Print exactly and only the lines that run from the one containing "Water Pump BORG" through the end of the material, please, omitting pictures.

• [EXERCISE DATA]:
>>
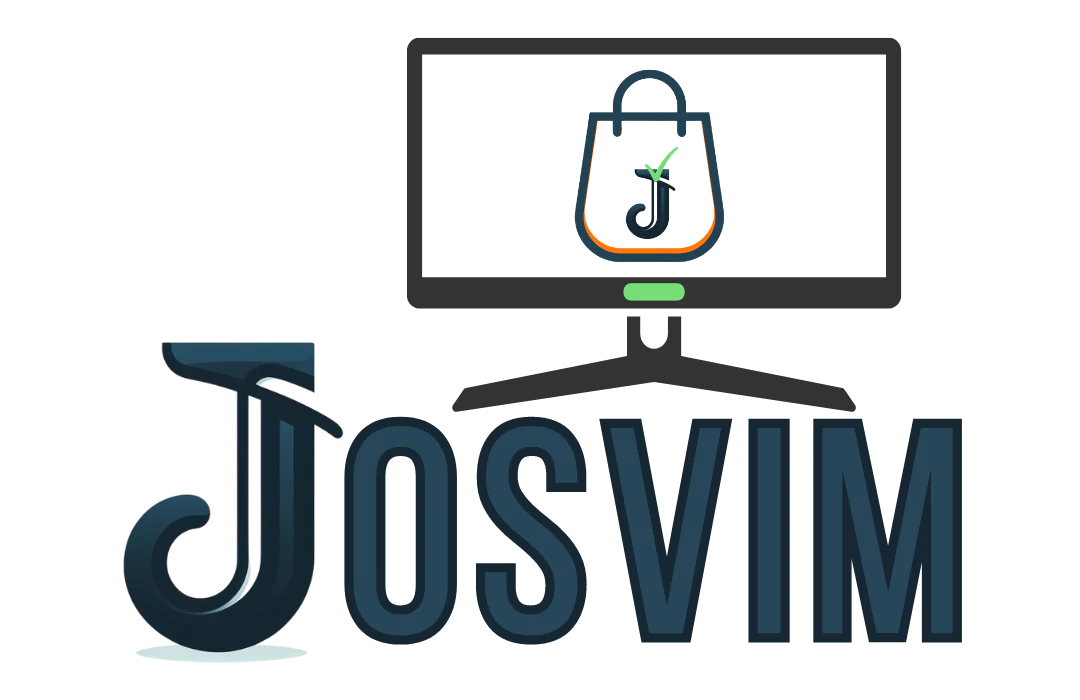Josvim Tienda Online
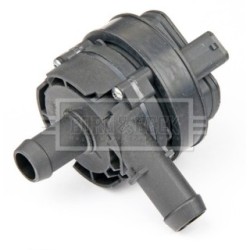 Water Pump BORG & BECK BWP3075 OE Ref A000 500 06 86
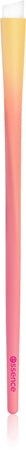 Essence Cosmetics Brush It Like It's Art Brocha per sopracciglia 01 1 pz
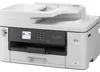 brother MFCJ5345DWRE1 brother MFC-J5345DW 4 in 1 Productafbeelding-voorbeeld 11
<<
• [RESPONSE BOX]:
 Water Pump BORG & BECK BWP3075 OE Ref A000 500 06 86
 Essence Cosmetics Brush It Like It's Art Brocha per sopracciglia 01 1 pz
 brother MFCJ5345DWRE1 brother MFC-J5345DW 4 in 1 Productafbeelding-voorbeeld 11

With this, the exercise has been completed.